In this case study, we will show how a machine learning use case that is implemented as a Jupyter notebook (which was taken from Kaggle, was originally implemented by Saurav Palekar and is licensed under the Apache 2 license) can be successively refactored in order to
- improve the software design in general, achieving a high degree clarity and maintainability,
- gain flexibility for experimentation,
- appropriately track results,
- arrive at a solution that can straightforwardly be deployed for production.
The use case considers a dataset from kaggle containing meta-data on approximately one million songs (see download instructions below). The goal is to use the data in order to learn a model for the prediction of song popularity given other song attributes such as the tempo, the release year, the key, the musical mode, etc.
Make sure you have created the Python virtual environment, set up a project in your IDE and downloaded the data as described in the root README file.
This package is organised as follows:
- There is one folder per step in the refactoring process with a dedicated README file explaining the key aspects of the respective step.
- There is an independent Python implementation of the use case in each folder, which you should inspect alongside the README file.
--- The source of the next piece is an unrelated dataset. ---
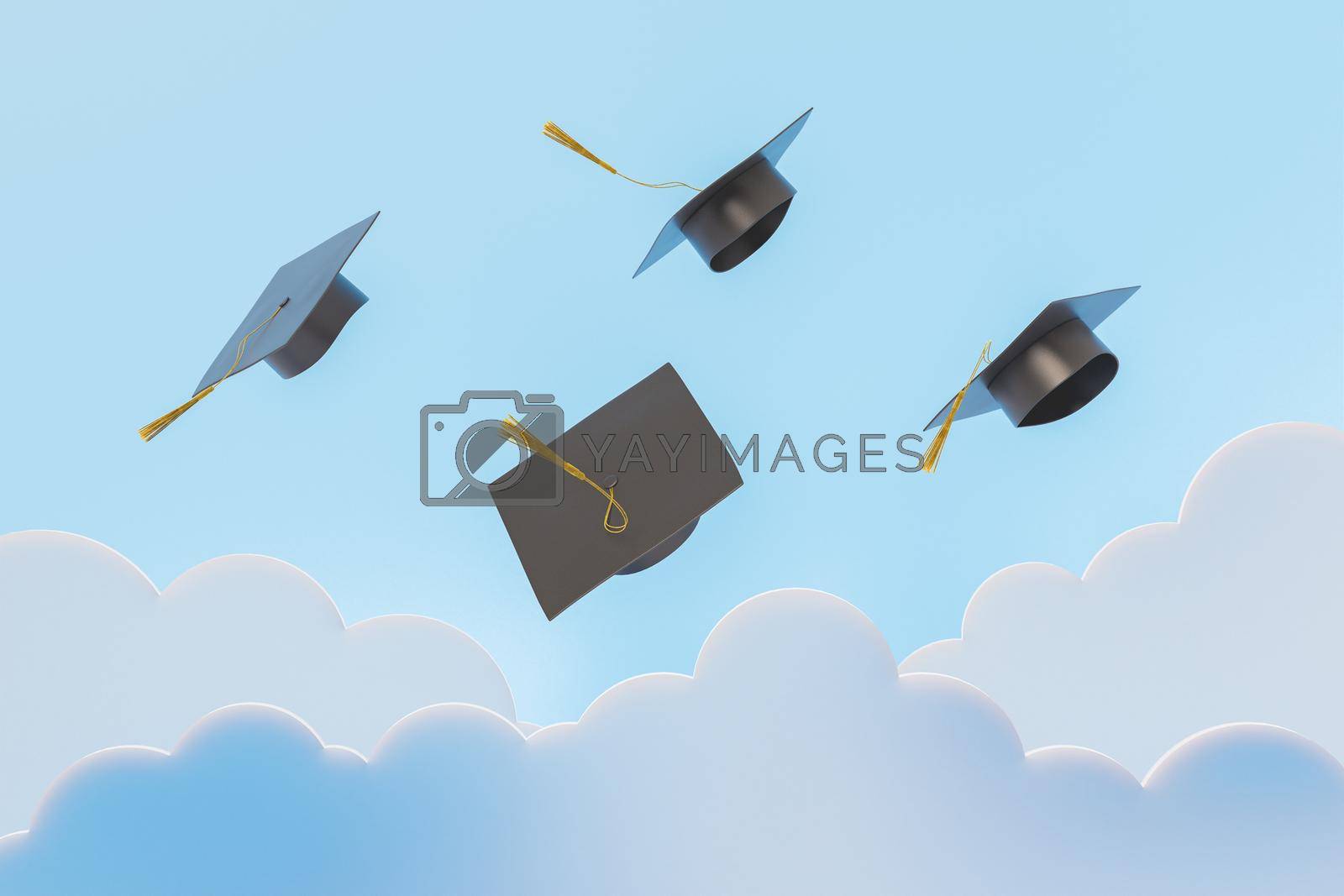 Royalty free image of Painted academic caps in sky by asolano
The intended way of exploring this package is to clone the repository and open it in your IDE of choice, such that you can browse it with familiar tools and navigate the code efficiently.
To more clearly see the concrete changes from one step to another, you can make use
of a diff tool.
To support this, you may run the Python script
generate_repository.py
in order to create a git repository in folder refactoring-repo
that references
the state of each step in a separate tag, i.e. in said folder, you could run, for example,
git difftool step04-model-specific-pipelines step05-sensai
These are the steps of the journey:
-
This is the starting point, a Jupyter notebook which is largely unstructured.
-
This step extracts the code that is strictly concerned with the training and evaluation of models.
-
This step introduces an explicit representation for the dataset, making transformations explicit as well as optional.
-
This step improves the code structure by adding function-specific Python modules.
-
This step refactors the pipeline to move all transforming operations into the models, enabling different models to use entirely different pipelines.
-
This step introduces the high-level library sensAI, which will enable more flexible, declarative model specifications down the line.
-
This step separates representations of features and their properties from the models that use them, allowing model input pipelines to be flexibly composed.
-
This step adds an engineered feature to the mix.
-
This step applies sensAI's high-level abstraction for model evaluation, enabling logging.
-
This step adds tracking functionality via sensAI's mlflow integration (and additionally by saving results directly to the file system).
-
This step considers the perhaps more natural formulation of the prediction problem as a regression problem.
-
This step adds hyperparameter optimisation for the XGBoost regression model.
-
This step adds the option to use cross-validation.
-
This step adds a web service for inference, which is packaged in a docker container.